Task to carry out => Below are some records. Copy every line in them that holds "paraffin".

BEGIN Data excerpts

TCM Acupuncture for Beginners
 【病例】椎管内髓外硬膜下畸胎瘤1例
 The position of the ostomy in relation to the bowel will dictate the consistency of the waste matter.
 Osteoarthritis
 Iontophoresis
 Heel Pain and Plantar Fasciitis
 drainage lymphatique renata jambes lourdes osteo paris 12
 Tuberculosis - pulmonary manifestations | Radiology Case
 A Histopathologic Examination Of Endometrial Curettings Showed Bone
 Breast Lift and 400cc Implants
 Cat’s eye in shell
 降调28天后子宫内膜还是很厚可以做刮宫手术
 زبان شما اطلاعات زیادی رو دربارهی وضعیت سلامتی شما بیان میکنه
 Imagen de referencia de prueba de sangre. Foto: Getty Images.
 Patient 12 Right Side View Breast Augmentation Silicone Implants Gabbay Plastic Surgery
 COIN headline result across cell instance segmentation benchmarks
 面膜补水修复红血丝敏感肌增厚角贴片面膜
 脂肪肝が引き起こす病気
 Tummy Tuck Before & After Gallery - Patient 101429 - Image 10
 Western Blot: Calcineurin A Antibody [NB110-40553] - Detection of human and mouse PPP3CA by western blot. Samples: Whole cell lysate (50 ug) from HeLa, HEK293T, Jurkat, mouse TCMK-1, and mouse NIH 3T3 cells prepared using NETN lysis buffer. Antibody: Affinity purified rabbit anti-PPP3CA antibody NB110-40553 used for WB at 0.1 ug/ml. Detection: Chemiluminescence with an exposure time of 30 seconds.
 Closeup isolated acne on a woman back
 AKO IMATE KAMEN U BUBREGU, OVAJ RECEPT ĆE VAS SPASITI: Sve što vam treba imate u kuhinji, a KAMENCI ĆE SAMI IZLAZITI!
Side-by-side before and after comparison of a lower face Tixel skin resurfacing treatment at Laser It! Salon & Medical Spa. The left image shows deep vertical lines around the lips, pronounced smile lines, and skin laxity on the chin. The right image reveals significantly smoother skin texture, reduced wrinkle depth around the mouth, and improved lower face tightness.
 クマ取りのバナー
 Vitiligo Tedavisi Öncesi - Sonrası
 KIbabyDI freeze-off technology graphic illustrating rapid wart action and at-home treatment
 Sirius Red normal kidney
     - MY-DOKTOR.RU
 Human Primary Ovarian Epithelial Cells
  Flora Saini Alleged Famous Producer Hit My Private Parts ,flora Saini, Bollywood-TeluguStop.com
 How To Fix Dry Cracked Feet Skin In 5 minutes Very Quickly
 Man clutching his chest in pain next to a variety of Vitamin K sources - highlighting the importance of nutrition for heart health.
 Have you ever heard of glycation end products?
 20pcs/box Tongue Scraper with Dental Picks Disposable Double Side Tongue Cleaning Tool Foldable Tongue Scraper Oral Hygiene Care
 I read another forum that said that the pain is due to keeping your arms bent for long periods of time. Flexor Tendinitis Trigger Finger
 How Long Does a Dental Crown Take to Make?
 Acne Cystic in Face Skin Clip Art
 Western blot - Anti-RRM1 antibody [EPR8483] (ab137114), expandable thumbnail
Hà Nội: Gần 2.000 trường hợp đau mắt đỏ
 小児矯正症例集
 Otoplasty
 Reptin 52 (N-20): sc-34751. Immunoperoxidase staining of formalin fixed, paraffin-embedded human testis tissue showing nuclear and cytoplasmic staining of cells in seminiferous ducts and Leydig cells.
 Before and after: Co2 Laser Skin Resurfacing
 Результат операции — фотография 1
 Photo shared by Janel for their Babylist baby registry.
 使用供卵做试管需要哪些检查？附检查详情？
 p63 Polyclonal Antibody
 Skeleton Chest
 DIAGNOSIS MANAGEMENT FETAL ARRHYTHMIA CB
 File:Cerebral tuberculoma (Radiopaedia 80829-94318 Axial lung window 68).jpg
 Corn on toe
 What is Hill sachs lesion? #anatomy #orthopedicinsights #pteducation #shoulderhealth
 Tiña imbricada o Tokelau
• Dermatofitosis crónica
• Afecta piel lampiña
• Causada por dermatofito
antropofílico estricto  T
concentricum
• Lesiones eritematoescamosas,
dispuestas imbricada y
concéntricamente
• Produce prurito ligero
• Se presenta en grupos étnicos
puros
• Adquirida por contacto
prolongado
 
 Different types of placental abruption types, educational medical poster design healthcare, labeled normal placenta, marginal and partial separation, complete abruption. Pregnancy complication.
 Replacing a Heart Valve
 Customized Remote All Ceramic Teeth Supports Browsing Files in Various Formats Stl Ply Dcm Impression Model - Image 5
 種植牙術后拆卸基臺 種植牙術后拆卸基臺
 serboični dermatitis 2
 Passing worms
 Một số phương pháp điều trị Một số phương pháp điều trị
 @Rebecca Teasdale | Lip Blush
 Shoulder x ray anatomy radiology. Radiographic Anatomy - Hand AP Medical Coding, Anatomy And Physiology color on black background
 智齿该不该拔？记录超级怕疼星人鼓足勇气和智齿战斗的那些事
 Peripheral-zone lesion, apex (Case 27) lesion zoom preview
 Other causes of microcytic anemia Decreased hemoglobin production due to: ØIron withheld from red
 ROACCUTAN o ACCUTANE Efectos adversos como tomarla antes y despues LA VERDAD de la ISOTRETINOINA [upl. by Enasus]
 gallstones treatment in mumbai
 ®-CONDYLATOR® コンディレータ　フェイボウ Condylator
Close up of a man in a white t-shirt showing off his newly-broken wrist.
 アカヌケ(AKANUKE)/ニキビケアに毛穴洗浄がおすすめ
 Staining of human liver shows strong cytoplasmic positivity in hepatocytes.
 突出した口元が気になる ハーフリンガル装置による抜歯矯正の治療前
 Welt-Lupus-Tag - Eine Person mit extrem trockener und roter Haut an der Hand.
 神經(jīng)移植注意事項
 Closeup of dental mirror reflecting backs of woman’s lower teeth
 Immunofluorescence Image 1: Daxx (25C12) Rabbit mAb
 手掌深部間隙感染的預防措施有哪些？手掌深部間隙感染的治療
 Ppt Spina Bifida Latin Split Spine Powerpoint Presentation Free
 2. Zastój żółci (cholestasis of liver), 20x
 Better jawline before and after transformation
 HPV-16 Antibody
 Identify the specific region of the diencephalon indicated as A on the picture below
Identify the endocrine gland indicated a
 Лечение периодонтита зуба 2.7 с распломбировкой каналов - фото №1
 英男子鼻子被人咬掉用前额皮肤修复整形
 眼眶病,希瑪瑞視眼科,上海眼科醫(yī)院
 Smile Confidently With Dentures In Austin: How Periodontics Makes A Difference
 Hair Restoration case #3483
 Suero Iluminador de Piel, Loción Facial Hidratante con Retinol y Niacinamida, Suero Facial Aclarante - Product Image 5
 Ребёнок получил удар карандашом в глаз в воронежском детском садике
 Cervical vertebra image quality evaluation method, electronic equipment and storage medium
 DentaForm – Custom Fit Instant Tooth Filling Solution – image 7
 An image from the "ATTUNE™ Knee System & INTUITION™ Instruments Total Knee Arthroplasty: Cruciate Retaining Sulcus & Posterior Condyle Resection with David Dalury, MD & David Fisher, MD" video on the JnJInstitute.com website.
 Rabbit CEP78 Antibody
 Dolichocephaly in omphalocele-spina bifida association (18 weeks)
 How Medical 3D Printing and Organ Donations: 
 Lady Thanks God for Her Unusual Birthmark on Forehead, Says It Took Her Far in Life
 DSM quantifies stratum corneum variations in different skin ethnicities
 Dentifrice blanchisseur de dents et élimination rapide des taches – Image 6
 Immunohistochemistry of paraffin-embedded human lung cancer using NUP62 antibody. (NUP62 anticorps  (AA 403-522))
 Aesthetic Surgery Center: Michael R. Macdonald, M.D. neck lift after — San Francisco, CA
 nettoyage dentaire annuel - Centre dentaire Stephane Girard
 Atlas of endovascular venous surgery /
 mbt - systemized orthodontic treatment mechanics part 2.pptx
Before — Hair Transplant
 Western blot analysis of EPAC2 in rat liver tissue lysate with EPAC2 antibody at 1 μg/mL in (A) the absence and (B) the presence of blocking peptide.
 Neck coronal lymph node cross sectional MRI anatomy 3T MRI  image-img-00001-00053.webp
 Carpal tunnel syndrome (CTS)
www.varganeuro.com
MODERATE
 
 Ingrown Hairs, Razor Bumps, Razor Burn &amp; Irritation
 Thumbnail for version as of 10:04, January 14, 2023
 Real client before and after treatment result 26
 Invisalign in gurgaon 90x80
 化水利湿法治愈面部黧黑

END Data excerpts

Exercise solution =>
 Reptin 52 (N-20): sc-34751. Immunoperoxidase staining of formalin fixed, paraffin-embedded human testis tissue showing nuclear and cytoplasmic staining of cells in seminiferous ducts and Leydig cells.
 Immunohistochemistry of paraffin-embedded human lung cancer using NUP62 antibody. (NUP62 anticorps  (AA 403-522))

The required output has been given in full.